Buona parte del primo tempo serve soltanto a ratificare lo zero a zero che più che scritto appare inciso sul tabellone; non è tanto una questione di ritmi, quanto di intasamento degli spazi e di compattezza delle linee, a cominciare dalla mediana allestita da Iachini. Grosso modo dal trentacinquesimo in poi, comincia una serie di segni di vita nelle due aree, non soltanto in quella viola. La Roma però, in virtù della maggiore cifra tecnica e dell’esistenza di precise motivazioni di classifica, porta di più il pallone dalle parti di Terracciano, fino al fallo da rigore di Lirola su Bruno Peres, che porta al vantaggio che Jordan Veretout deposita serenamente all’angolino, dal dischetto. Il primo tempo dice che la Roma ha concluso di più, ma anche che i viola hanno concluso in maniera pericolosa, una con Kouame che ha colpito un compagno, poi con il palo scheggiato da Duncan. 

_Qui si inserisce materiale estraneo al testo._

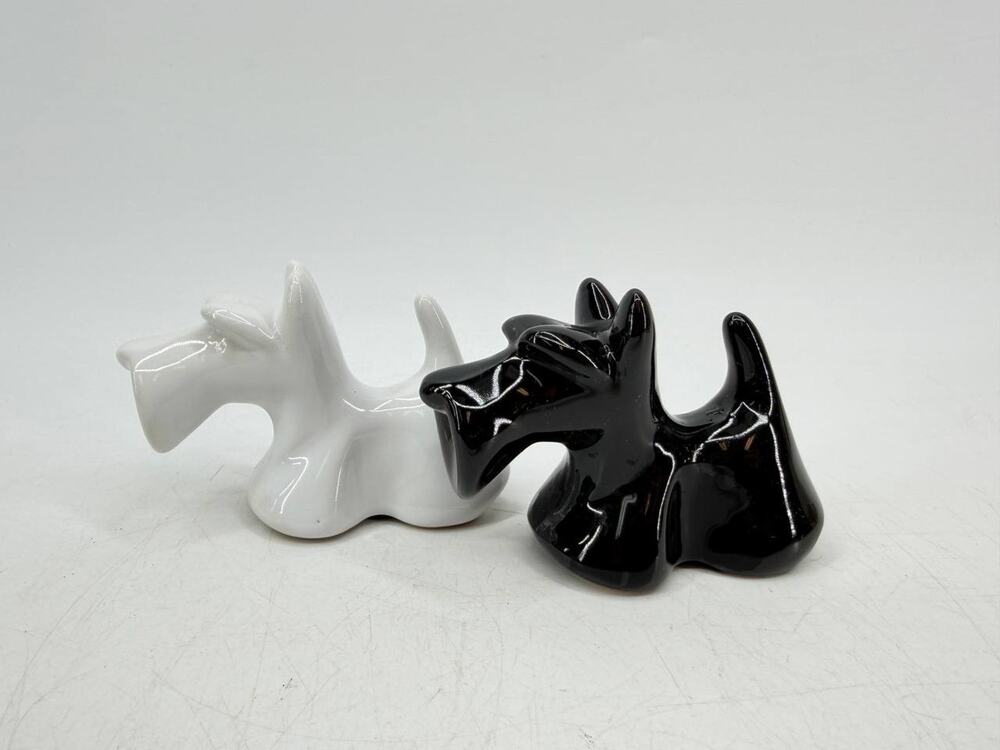Black White Ceramic Dog Salt Pepper Shakers Glossy Kitchen Decor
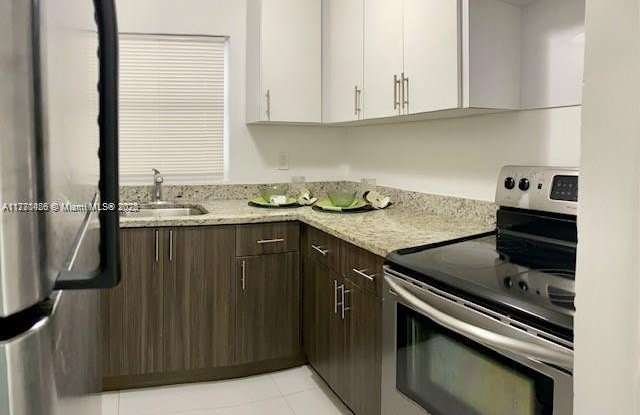 551 NW 41st St photos photos
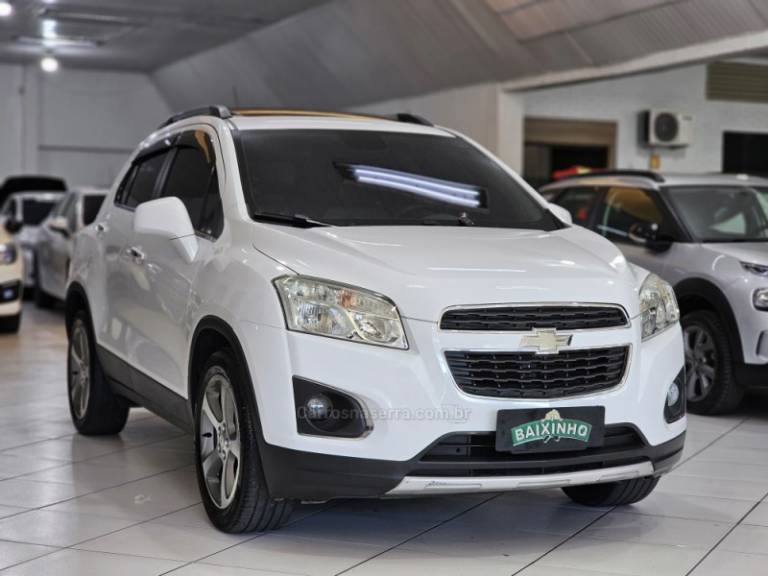 CHEVROLET - TRACKER - 2015/2015 - Branca - R$ 75.900,00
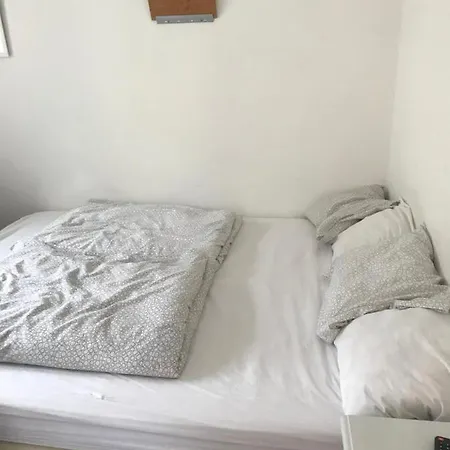 Kerti Franciaagyas Apartment *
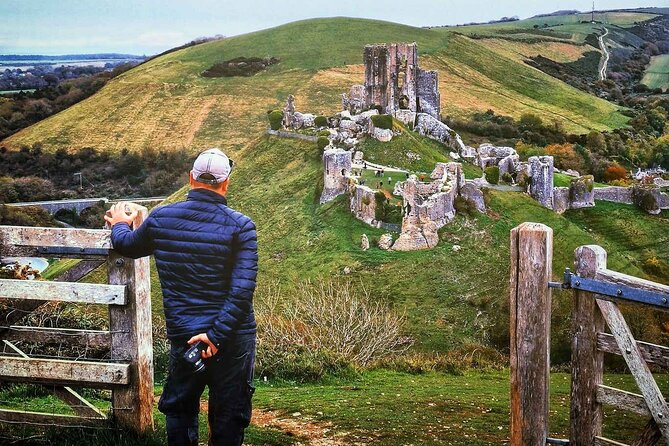 JURASSIC SPECTACULAR | 10+ Stops on the Jurassic Coast! - Small-group comfort with up to 16 people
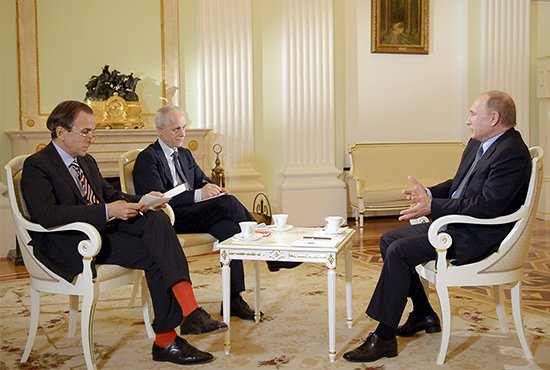 Владимир Путин (справа) с итальянскими журналистами Паоло Валентино (слева)  и Лучано Фонтана. Фото: РИА «Новости»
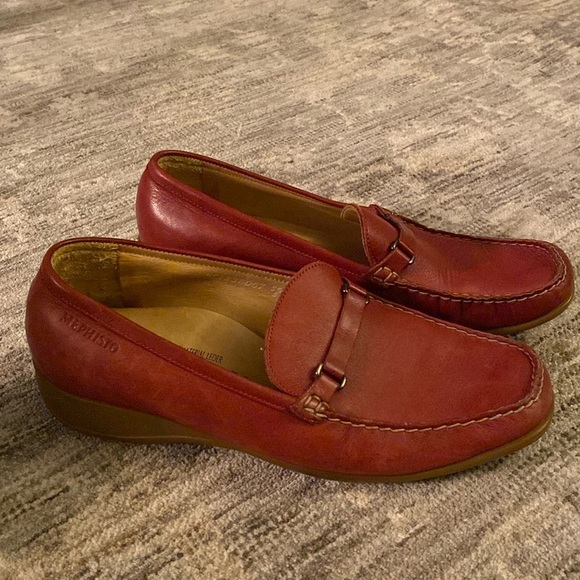 Mephisto women’s red leather loafer - size 8 - great condition - Picture 1 of 10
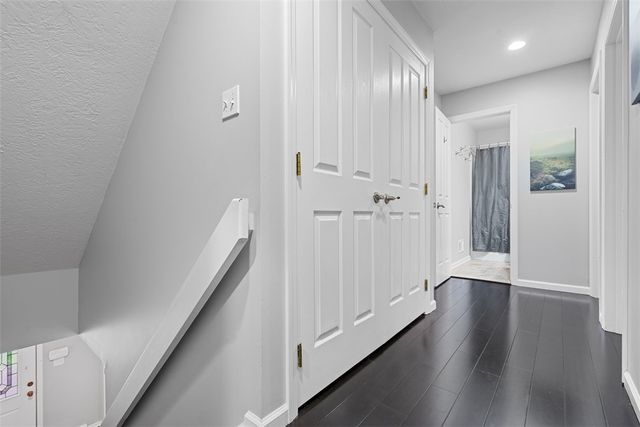 1606 Stone Mansion Drive, Franklin Park, PA 15143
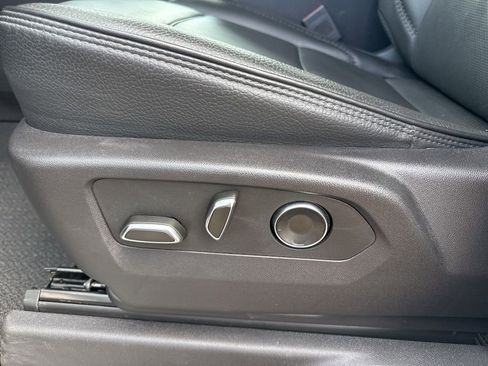 Used 2024 GMC Sierra 3500 Denali image 10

Il secondo tempo la Fiorentina cerca di onorarlo come il primo, innanzitutto cercando efficacia in attacco attraverso i cambi: Vlahovic e Cutrone in luogo di Ribery e Kouame. 

Fa quasi tutto Milenkovic, all’inizio della ripresa: il gol di testa (distratto Diawara, rivedibile Pau Lopez) con uno stacco impressionante; l’impatto fortuito con le clavicola sul viso di Pellegrini, sostituito da Zaniolo. 

Però i minuti passano e, onore al merito, la Fiorentina non evidenzia per nulla quel piglio “vacanziero” che molte squadre senza obiettivi mettono in mostra nella parte finale di tante partite.

Alla Roma per portarla a casa serve l’episodio: Mkhitaryan lo aveva quasi trovato, con una finta delle sue e un tracciante rasoterra che ha baciato il palo interno. Ancora più interno quello colpito poi da Kolarov, con un’azione sugli sviluppi della quale Terracciano abbatte Dzeko: rigore. Cambia angolo Veretout, non cambia l’esito. Due a uno: molto, molto pesante per un finale di campionato da gestire ora con un cuscinetto di quattro punti che dovrebbe garantire relativa serenità. 

I giallorossi, dominanti nel possesso palla, hanno portato a casa una gara non facile, contro un’avversaria che ha disputato fino alla fine una partita vera, grazie a due rigori francamente differenti, per così dire. il secondo, visto e rivisto, alla fin fine, non appare evidente come il primo.